VAN A BUSCAR a Roland esa misma mañana, justo después del desayuno. Un psicólogo y dos guardias lo acorralan en el pasillo del dormitorio, aislándolo de los demás.
—Se están confundiendo —les dice Roland, desesperado—. Yo no soy el ASP de Akron. Al que buscan es a Connor.
—Me temo que te equivocas —contesta el psicólogo.
—Pero… pero yo solo llevo unos días aquí… —Comprende por qué sucede aquello. Es por culpa de aquel tipo al que le dio con el balón en el partido, eso tiene que ser… O será a causa de la pelea con Connor. ¡Connor lo ha acusado! ¡Ya sabía que Connor lo haría!
—Es por tu grupo sanguíneo —le dice el consejero—. AB negativo… es difícil de encontrar y hay muchísima demanda. —Sonríe—. Míralo de este modo: vales más que cualquier otro chico de los que están en tu unidad.
—Eres un afortunado —le dice uno de los guardias mientras lo agarra del brazo.
—Por si te sirve de consuelo —dice el psicólogo—, tu amigo Connor está apuntado para esta tarde.
Roland siente las piernas flojas mientras ellos lo sacan a la luz del día. Ante él se extiende la alfombra roja, del color de la sangre seca. Cada vez que los chicos cruzan aquel camino terrible saltan sobre él, como si tocarlo diera mala suerte. Ahora no dejan que Roland se salga de él.
—Quiero un sacerdote —dice Roland—. La gente tiene derecho a un sacerdote, ¿no? ¡Yo quiero un sacerdote!
—El sacerdote da la extremaunción —dice el psicólogo, poniéndole con suavidad la mano en el hombro—. Eso es para los que van a morir. Tú no vas a morir: tú seguirás vivo, solo que de un modo diferente.
—Aun así, quiero un sacerdote.
—Vale, veré lo que se puede hacer.
La orquesta que toca sobre el terrado de la chatarrería ha comenzado a tocar la música matutina. Tocan una canción bailable muy conocida, como si pretendieran burlarse de la marcha fúnebre que suena dentro de la cabeza de Roland. Él sabe que Risa está ahora en la orquesta. La distingue allá arriba, ante el teclado. Sabe que ella lo odia, pero aun así le hace un gesto de despedida con la mano, tratando de llamar su atención. Una señal de que le reconoce alguien, aunque sea alguien que lo odia, es mejor que no tener alrededor de uno más que extraños que lo ven perecer.

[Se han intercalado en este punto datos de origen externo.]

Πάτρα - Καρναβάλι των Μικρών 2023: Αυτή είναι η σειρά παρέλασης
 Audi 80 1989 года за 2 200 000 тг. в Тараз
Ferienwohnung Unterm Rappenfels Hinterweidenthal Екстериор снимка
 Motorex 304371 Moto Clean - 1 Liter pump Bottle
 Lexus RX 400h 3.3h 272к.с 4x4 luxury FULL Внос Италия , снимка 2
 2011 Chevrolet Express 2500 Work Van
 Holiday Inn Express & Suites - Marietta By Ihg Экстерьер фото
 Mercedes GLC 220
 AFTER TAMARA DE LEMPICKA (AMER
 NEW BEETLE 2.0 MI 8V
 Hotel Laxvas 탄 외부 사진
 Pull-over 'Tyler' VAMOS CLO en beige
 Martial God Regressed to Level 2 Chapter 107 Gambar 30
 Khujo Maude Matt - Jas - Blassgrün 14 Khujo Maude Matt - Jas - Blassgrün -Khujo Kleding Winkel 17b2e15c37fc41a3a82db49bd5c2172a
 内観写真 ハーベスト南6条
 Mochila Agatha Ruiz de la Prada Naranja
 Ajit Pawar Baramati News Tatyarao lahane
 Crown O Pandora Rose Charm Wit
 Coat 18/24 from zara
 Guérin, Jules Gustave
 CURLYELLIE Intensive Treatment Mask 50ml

Ella no vuelve los ojos hacia la alfombra roja. No llega a verlo. No se entera. Tal vez alguien le diga luego que él fue desconectado aquel día. Se pregunta qué sentirá ella al saberlo.
Han llegado al final de la alfombra roja. Hay cinco escalones de piedra que llevan a las puertas de la chatarrería. Roland se detiene al pie de los escalones. Los guardias tratan de tirar de él, pero él se los quita de encima.
—Necesito más tiempo. Un día más. Eso es todo: un día más. Mañana estaré preparado, ¡lo prometo!
Y todavía, sobre su cabeza, toca la orquesta. Roland quiere gritar, pero allí, tan cerca de la chatarrería, sus chillidos quedarán ahogados por la música. El psicólogo hace una seña a los guardias, que lo agarran con más firmeza por debajo de las axilas, obligándolo a salvar esos cinco escalones. En un instante traspasa el umbral de la puerta, que se cierra a su espalda, deslizándose para aislarlo del mundo. Ya ni siquiera oye la música. La chatarrería está insonorizada. Se imaginaba que sería así.